Task item:
Down to the last line, the material below should be reproduced exactly.

Records to use:
○ ○ ○
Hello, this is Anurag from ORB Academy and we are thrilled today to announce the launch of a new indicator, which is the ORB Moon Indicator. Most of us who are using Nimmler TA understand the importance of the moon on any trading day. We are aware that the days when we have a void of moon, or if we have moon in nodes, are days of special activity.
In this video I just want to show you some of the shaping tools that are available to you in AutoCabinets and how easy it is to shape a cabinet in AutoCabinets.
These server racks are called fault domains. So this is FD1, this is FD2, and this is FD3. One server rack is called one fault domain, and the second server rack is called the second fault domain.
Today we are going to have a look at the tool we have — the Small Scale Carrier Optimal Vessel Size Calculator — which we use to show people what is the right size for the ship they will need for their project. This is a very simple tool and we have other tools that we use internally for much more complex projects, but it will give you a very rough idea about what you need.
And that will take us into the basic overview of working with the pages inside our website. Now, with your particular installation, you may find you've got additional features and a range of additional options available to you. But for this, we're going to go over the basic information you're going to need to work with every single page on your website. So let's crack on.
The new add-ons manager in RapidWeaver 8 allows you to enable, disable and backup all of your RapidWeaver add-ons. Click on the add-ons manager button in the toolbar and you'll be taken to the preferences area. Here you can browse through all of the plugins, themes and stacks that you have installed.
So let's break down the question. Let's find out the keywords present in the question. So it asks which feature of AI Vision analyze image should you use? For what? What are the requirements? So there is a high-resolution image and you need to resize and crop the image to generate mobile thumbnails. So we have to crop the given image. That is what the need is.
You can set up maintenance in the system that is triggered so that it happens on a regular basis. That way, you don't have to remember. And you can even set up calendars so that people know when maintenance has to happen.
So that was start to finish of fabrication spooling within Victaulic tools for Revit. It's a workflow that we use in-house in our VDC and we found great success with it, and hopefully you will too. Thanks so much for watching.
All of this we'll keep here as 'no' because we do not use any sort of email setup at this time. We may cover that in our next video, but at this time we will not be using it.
○ ○ ○
Output for this task:
Hello, this is Anurag from ORB Academy and we are thrilled today to announce the launch of a new indicator, which is the ORB Moon Indicator. Most of us who are using Nimmler TA understand the importance of the moon on any trading day. We are aware that the days when we have a void of moon, or if we have moon in nodes, are days of special activity.
In this video I just want to show you some of the shaping tools that are available to you in AutoCabinets and how easy it is to shape a cabinet in AutoCabinets.
These server racks are called fault domains. So this is FD1, this is FD2, and this is FD3. One server rack is called one fault domain, and the second server rack is called the second fault domain.
Today we are going to have a look at the tool we have — the Small Scale Carrier Optimal Vessel Size Calculator — which we use to show people what is the right size for the ship they will need for their project. This is a very simple tool and we have other tools that we use internally for much more complex projects, but it will give you a very rough idea about what you need.
And that will take us into the basic overview of working with the pages inside our website. Now, with your particular installation, you may find you've got additional features and a range of additional options available to you. But for this, we're going to go over the basic information you're going to need to work with every single page on your website. So let's crack on.
The new add-ons manager in RapidWeaver 8 allows you to enable, disable and backup all of your RapidWeaver add-ons. Click on the add-ons manager button in the toolbar and you'll be taken to the preferences area. Here you can browse through all of the plugins, themes and stacks that you have installed.
So let's break down the question. Let's find out the keywords present in the question. So it asks which feature of AI Vision analyze image should you use? For what? What are the requirements? So there is a high-resolution image and you need to resize and crop the image to generate mobile thumbnails. So we have to crop the given image. That is what the need is.
You can set up maintenance in the system that is triggered so that it happens on a regular basis. That way, you don't have to remember. And you can even set up calendars so that people know when maintenance has to happen.
So that was start to finish of fabrication spooling within Victaulic tools for Revit. It's a workflow that we use in-house in our VDC and we found great success with it, and hopefully you will too. Thanks so much for watching.
All of this we'll keep here as 'no' because we do not use any sort of email setup at this time. We may cover that in our next video, but at this time we will not be using it.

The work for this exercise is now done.